臺灣博碩士論文加值系統

本篇論文探討的是以含浸法還原Pt、Ru、Ni前驅物分別為H2PtCl6、RuCl3、NiCl2，並用MWCNT做為金屬離子之載體。實驗中所使用的還原劑分別為乙二醇、甲酸、NaBH4。
在本實驗中，使用三種還原劑合成Pt-Ru/CNT，並利用循環伏安法(Cyclic Voltammetry,CV)測試評估二元各項數據最好之還原劑為甲酸和乙二醇，再成功使用此兩種還原劑合成Pt-Ru-Ni/CNT，先以循環伏安法各別測試出最佳還原比例之電極觸媒，再將測試結果進行CO毒化指標、峰值電位與峰值電流之判定，兩者還原劑在三元合金Pt：Ru：Ni比例都為4：2：4為最佳，塗佈於Nafion上之陽極觸媒Pt-Ru-Ni/CNT觸媒劑量約為0.387mg/cm2，而陰極以相同還原劑製成之觸媒Pt/CNT塗佈，最終製成MEA進行單電池測試。

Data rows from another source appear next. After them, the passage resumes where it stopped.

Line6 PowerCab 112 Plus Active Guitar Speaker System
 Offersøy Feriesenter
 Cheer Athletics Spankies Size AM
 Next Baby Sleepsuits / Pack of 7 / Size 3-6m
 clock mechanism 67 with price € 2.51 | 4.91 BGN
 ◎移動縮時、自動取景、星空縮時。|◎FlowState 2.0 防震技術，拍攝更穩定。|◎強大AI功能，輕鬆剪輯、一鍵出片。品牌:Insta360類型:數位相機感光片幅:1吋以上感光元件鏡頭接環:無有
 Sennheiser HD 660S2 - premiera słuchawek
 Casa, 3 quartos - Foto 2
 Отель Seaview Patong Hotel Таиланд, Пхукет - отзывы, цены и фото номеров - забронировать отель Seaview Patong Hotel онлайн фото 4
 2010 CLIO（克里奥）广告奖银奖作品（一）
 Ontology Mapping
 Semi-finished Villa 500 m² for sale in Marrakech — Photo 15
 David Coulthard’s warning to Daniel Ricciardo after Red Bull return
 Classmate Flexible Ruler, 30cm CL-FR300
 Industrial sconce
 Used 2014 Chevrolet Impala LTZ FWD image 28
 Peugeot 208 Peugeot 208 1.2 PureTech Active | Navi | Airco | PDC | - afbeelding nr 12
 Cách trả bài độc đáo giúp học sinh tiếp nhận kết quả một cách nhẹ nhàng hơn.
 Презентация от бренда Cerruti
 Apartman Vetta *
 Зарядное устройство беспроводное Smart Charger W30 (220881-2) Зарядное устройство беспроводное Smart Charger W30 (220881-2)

單電池測試中，使用甲酸及乙二醇還原之觸媒，雖開路電壓低，但甲酸電流密度卻比乙二醇來的佳，測試結果分別為甲酸1.71mA/cm2與乙二醇1.39mA/cm2，推測原因為甲酸製備之觸媒氧化電位比乙二醇製備之觸媒來的低，致使甲酸還原之觸媒擁有較佳之活性。
熱壓溫度、壓力及時間都會對製備出的MEA效能有所影響。因此，有效控制上述變因，將是提升膜電極（MEA）效能的重要條件。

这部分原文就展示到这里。